M’Ikamati & another v Karinguri [2023] KEELC 16031 (KLR) | Stay Of Execution | Esheria

M’Ikamati & another v Karinguri [2023] KEELC 16031 (KLR)

Full Case Text

M’Ikamati & another v Karinguri (Environment and Land Appeal E030 of 2021) [2023] KEELC 16031 (KLR) (1 March 2023) (Ruling)

Neutral citation: [2023] KEELC 16031 (KLR)

Republic of Kenya

In the Environment and Land Court at Meru

Environment and Land Appeal E030 of 2021

CK Nzili, J

March 1, 2023

Between

Joshua Mwiti M’Ikamati

1st Appellant

Charles Mbajo M’Ibutu

2nd Appellant

and

Sebastian Karinguri

Respondent

Ruling

1. Before the court is the application dated November 7, 2022 in which the respondent to the appeal seeks for the maintenance of status quo or a stay of execution of the judgment herein pending the hearing and determination of an intended appeal. The application is based on the reasons on its face and an affidavit in support sworn by Sebastian Karinguri on the even date. In the said affidavit, the applicant deposes that he filed a notice of appeal against the judgment delivered on March 16, 2022, issues raised in the application dated August 18, 2022 and the application dated July 27, 2022 have been overtaken by events; execution is likely to occur; land being sensitive and emotive, a lot is at stake and lastly; it is in the interest of justice and fairness that the application be allowed.

2. The application is opposed by a replying affidavit of the 1st appellant/respondent Joshua Mwiti M’Ikimati sworn on January 11, 2023. The grounds of opposition are that the respondents as successful litigants are entitled to enjoy the fruits of litigation; the applicant tried to frustrate the execution of the decree by rushing to Tigania law courts by an application dated August 8, 2022 which was eventually dismissed on December 15, 2022; there has been an inordinate delay of nine months which has not been sufficiently explained; no irreparable harm has been demonstrated; status quo has been dismantled and lastly; that the application is made in bad faith.

3. A party seeking a stay of execution under order 42 rule 6 of the Civil Procedure Ruleshas to demonstrate substantial loss, file the application within a reasonable time, offer security for the due satisfaction of the decree should the appeal not succeed and lastly, demonstrate that it is in the interest of justice that the application be allowed.

4. In the case ofCharles Kariuki Njuri vs Francis Kimaru Rwara (2020) eKLR, the court underscored that the three conditions aforementioned must be met before a stay of execution is granted.
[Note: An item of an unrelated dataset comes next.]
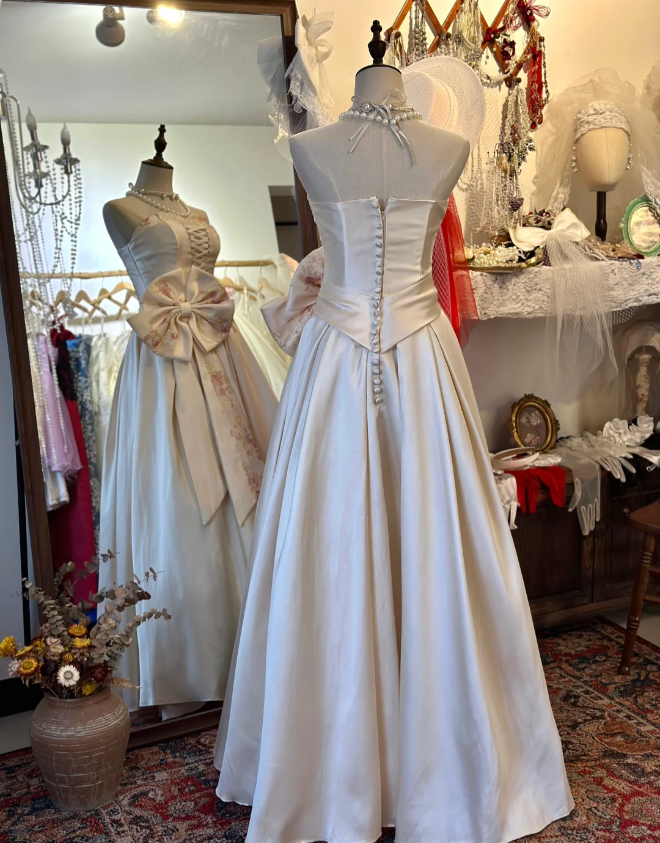 French style elegant sweetheart neckline pink waist bow tie floor-length satin wedding dress P2931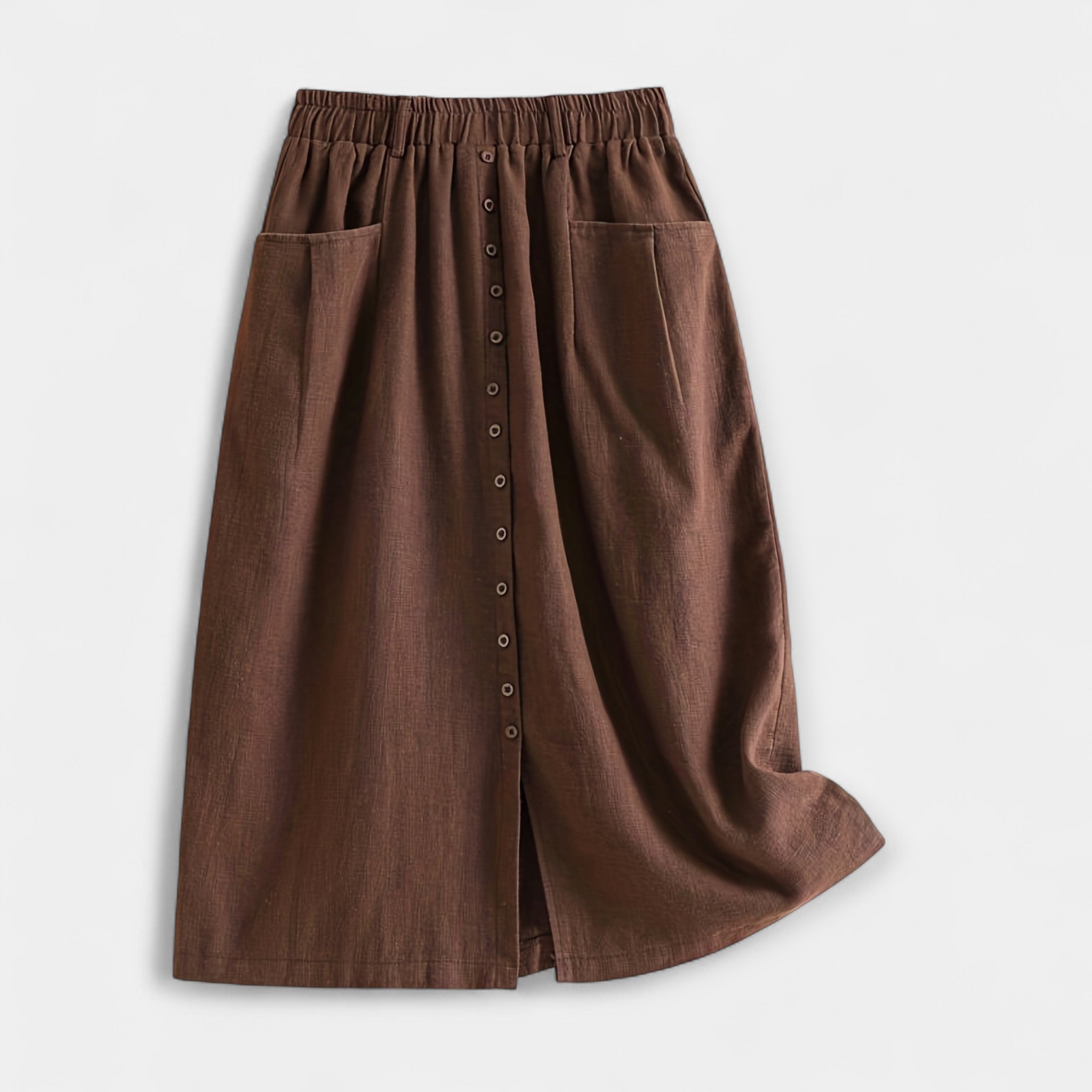Retro Natural Linen Skirt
The purpose of the stay is to preserve the substratum of the case so that the rights of the appellant who is exercising his undoubted right of appeal are safeguarded and the appeal if successful is not rendered nugatory. This was the position taken in Consolidated Marine vs Nampijja & another Nairobi Civil Appeal no 93 of 1989.

5. In the case of James Wangalwa & another vs Agnes Naliaka Cheseto (2012) eKLR, the court took the view that execution of a decree was a lawful process therefore it was not enough for a party to say that there was impeding execution but must show other vitiating factors which may change the status of the subject matter in a manner prejudicial to the applicant if he were to be a successful party in the intended appeal.
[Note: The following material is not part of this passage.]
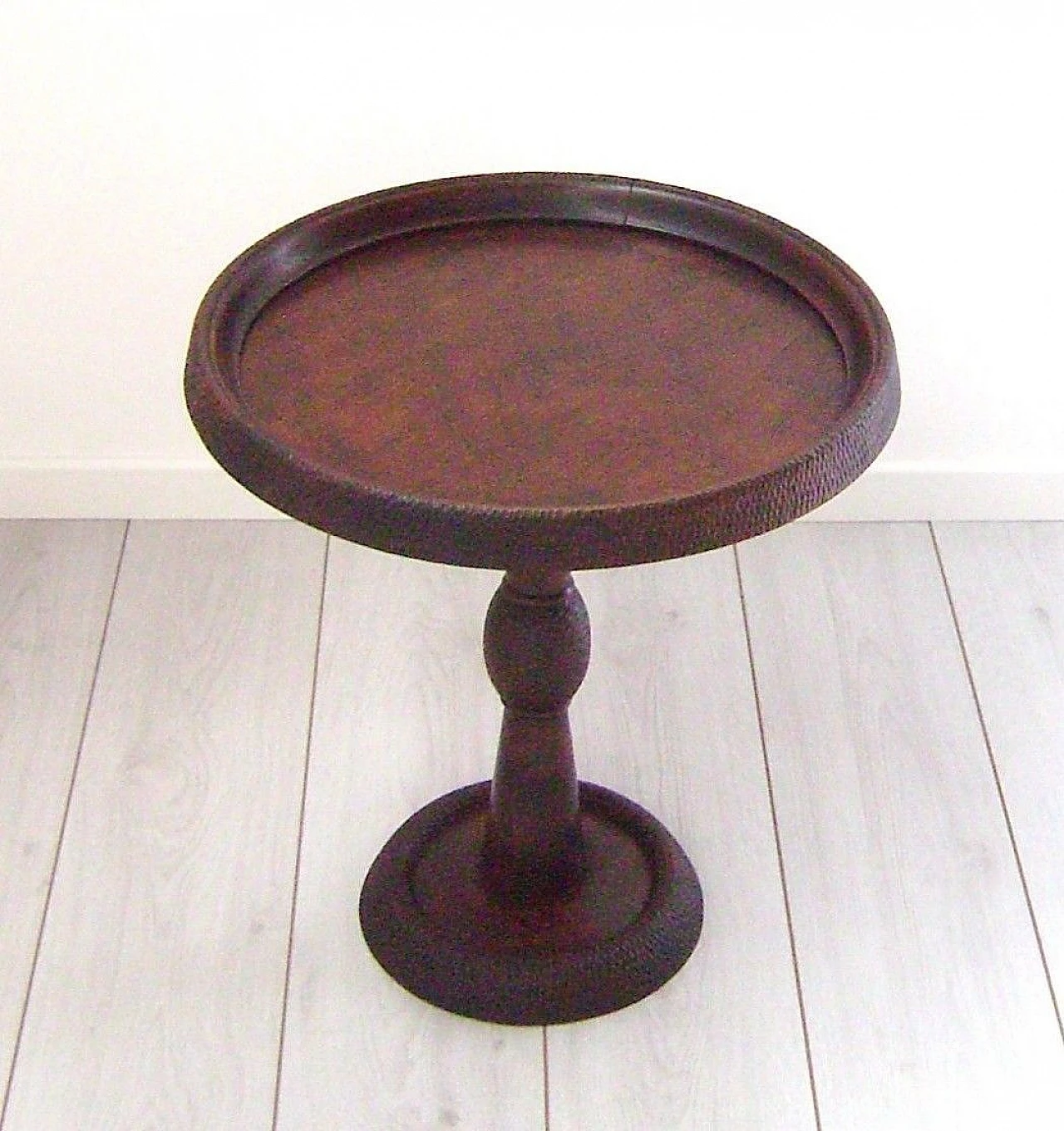 Round geometrical beech wood side table, 1930s 2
6. Applying the foregoing case law to the present facts, judgment in this matter was delivered in March 2022 while the present application was filed on November 11, 2022. The delay is close to nine months. No attempts have been made to give a reasonable explanation why the applicant had to wait for nine months to file this application. In the case of Mohsen Ali vs Priscillah Boit & another2014 eKLR the court held a delay even of one day may be inordinate depending on the circumstances of the case.
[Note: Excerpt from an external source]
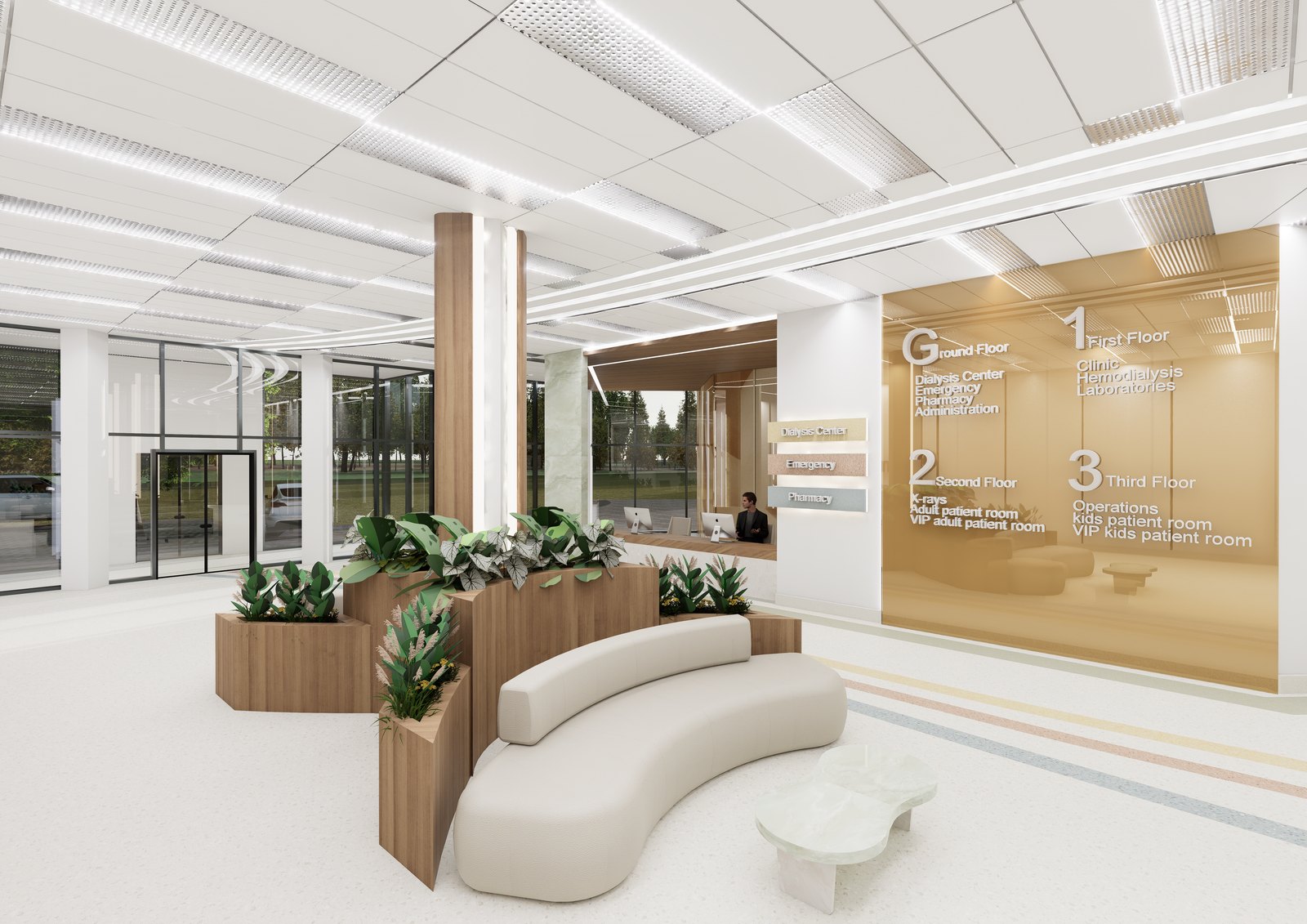 Reception lounge with wayfinding wall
7. Coming to the element of substantial loss, the applicant has not given any details or particulars of the nature of the occupation, the developments on the suit land and the likely loss, harm or damage to occur should the execution proceed. Other than saying that the execution is due, the applicants has not demonstrated how the substratum of the appeal was likely to change should the execution proceed. As to the issue of security, the applicant has not made any proposal including on account of costs.

8. Given the foregoing, the court is of the considered view that it would not be in the interest of justice to grant the orders sought. The upshot is the application stands dismissed with costs.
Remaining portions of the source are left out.